About the Png file format
- Name
- Portable Network Graphic
- Extension
- .png
- Format
- Binary
- Category
- Raster Image
- Developer
- PNG Development Group
- Description
- A PNG file is an image file stored in the Portable Network Graphic (PNG) format. It contains a bitmap of indexed colors and uses lossless compression, similar to a .GIF file but without copyright limitations. PNG files are commonly used to store graphics for web images.
- MIME Type
- image/png
- Sample
- sample.png
- Wikipedia
- .png on Wikipedia
Portable Network Graphics (PNG) is a raster graphics file format that supports lossless data compression. It was developed as an improved, non-patented replacement for Graphics Interchange Format (GIF).

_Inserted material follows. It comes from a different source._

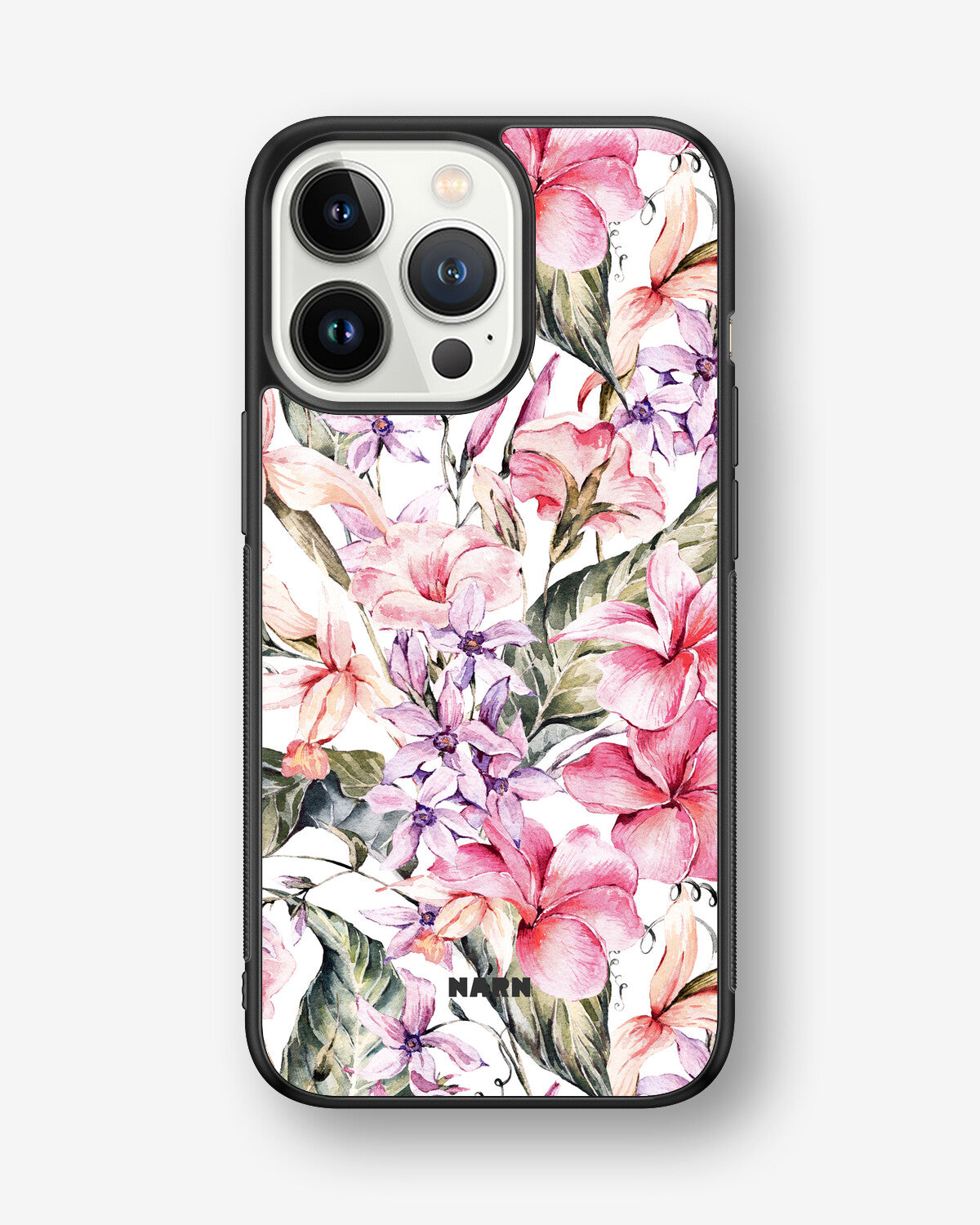 iPhone 13 Pro Hard Case – Watercolor Flowers - View 1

The motivation for creating this file format was the realization that the Lempel-Ziv-Welch (LZW) data compression algorithm used in GIF format was made patent by Unisys. Other problems with the GIF file format, such as its limit of 256 colors as computers with far more advanced displays were increasing, made the replacement desirable.

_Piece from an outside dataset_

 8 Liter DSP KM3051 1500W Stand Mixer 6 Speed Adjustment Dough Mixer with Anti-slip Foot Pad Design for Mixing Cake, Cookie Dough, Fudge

PNG supports palette-based images (with palettes of 24-bit RGB or 32-bit RGBA colors), grayscale images (with or without an alpha channel for transparency), and a full-color non-palette-based RGB or RGBA images.
It was specially designed for transferring images online and not for professional-quality print graphics. Therefore, a non-RGB color space such as CMYK is not supported.
They use the .png file extension and are assigned MIME media type image/png. It was published as Informational RFC 2083 in March 1997 and became an ISO/IEC standard in 2004.
Although GIF allows for animation, PNG is a single file format. In 2001, the PNG working group published the Multiple-image Network Graphics (MNG) with support for animation. It achieved moderate application support, but not enough among mainstream web browsers and no usage among website designers and publishers.
In 2008, Mozilla developers published Animated Portable Network Graphics (APNG) format, which is natively supported by Gecko- and Presto-based web browsers. However, as of 2017, APNG remains minimally used despite being supported by all major browsers but Microsoft Edge.